Find the position of a column in a CSV file or CSV_NOT_FOUND otherwise.

Parameters
[in]filenamePath to CSV file
[in]col_nameColumn whose position we should resolve
[in]formatFormat of the CSV file

Definition at line 53 of file csv_utility.cpp.

◆ get_file_info()

CSVFileInfo csv::get_file_info ( const std::string &  filename)
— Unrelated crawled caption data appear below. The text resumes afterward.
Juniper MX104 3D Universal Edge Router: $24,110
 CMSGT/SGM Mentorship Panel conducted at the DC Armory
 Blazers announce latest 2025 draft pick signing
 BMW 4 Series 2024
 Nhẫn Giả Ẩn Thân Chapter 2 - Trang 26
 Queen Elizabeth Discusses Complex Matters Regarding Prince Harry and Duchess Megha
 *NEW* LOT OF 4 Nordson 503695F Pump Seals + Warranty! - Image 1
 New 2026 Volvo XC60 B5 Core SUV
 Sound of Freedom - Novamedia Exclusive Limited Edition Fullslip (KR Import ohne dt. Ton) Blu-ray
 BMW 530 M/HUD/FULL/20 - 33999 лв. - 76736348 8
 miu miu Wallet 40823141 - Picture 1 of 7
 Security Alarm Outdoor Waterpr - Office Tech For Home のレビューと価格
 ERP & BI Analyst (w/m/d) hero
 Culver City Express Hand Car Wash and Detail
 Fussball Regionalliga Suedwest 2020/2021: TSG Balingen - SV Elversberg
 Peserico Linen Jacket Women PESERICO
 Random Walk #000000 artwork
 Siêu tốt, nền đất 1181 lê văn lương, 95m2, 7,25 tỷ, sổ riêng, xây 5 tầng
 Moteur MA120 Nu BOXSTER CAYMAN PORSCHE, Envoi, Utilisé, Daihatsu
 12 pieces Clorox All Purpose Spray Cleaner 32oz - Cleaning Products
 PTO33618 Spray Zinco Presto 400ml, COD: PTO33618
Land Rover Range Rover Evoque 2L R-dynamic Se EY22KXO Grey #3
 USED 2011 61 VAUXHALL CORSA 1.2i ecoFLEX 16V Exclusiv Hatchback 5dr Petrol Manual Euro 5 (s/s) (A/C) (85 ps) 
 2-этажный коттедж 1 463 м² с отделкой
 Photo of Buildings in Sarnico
Get basic information about a CSV file.

#include "csv.hpp"
#include <iostream>
int main(int argc, char** argv) {
using namespace csv;
if (argc < 2) {
std::cout << "Usage: " << argv[0] << " [file]" << std::endl;
exit(1);
}
std::string file = argv[1];
auto info = get_file_info(file);
std::cout << file << std::endl
<< "Columns: " << internals::format_row(info.col_names, ", ")
<< "Dimensions: " << info.n_rows << " rows x " << info.n_cols << " columns" << std::endl
<< "Delimiter: " << info.delim << std::endl;
return 0;
}
std::string format_row(const std::vector< std::string > &row, csv::string_view delim)
Definition: csv_reader.cpp:9
The all encompassing namespace.
CSVFileInfo get_file_info(const std::string &filename)
Get basic information about a CSV file.
Definition: csv_utility.cpp:64

Definition at line 64 of file csv_utility.cpp.

◆ operator""_csv()

CSVReader csv::operator""_csv ( const char *  in,
size_t  n 
)

Parse a RFC 4180 CSV string, returning a collection of CSVRow objects.

Example
TEST_CASE( "Test Escaped Comma", "[read_csv_comma]" ) {
auto rows = "A,B,C\r\n" // Header row
"123,\"234,345\",456\r\n"
"1,2,3\r\n"
"1,2,3"_csv;
CSVRow row;
rows.read_row(row);
REQUIRE( vector<string>(row) ==
vector<string>({"123", "234,345", "456"}));
}

Definition at line 37 of file csv_utility.cpp.

◆ parse()

CSVReader csv::parse ( csv::string_view  in,
CSVFormat  format 
)

Shorthand function for parsing an in-memory CSV string.

Returns
A collection of CSVRow objects
Example
TEST_CASE( "Test Escaped Quote", "[read_csv_quote]" ) {
// Per RFC 1480, escaped quotes should be doubled up
auto csv_string = GENERATE(as<std::string> {},
(
"A,B,C\r\n" // Header row
"123,\"234\"\"345\",456\r\n"
"123,\"234\"345\",456\r\n" // Unescaped single quote (not strictly valid)
"123,\"234\"345\",\"456\"" // Quoted field at the end
),
(
"\"A\",\"B\",\"C\"\r\n" // Header row
"123,\"234\"\"345\",456\r\n"
"123,\"234\"345\",456\r\n" // Unescaped single quote (not strictly valid)
"123,\"234\"345\",\"456\"" // Quoted field at the end
)
);
SECTION("Escaped Quote") {
auto rows = parse(csv_string);
REQUIRE(rows.get_col_names() == vector<string>({ "A", "B", "C" }));
// Expected Results: Double " is an escape for a single "
vector<string> correct_row = { "123", "234\"345", "456" };
for (auto& row : rows) {
REQUIRE(vector<string>(row) == correct_row);
}
}
}
CSVReader parse(csv::string_view in, CSVFormat format)
Shorthand function for parsing an in-memory CSV string.
Definition: csv_utility.cpp:14

Definition at line 14 of file csv_utility.cpp.

◆ parse_no_header()

CSVReader csv::parse_no_header ( csv::string_view  in)

Parses a CSV string with no headers.

Returns
A collection of CSVRow objects

Definition at line 23 of file csv_utility.cpp.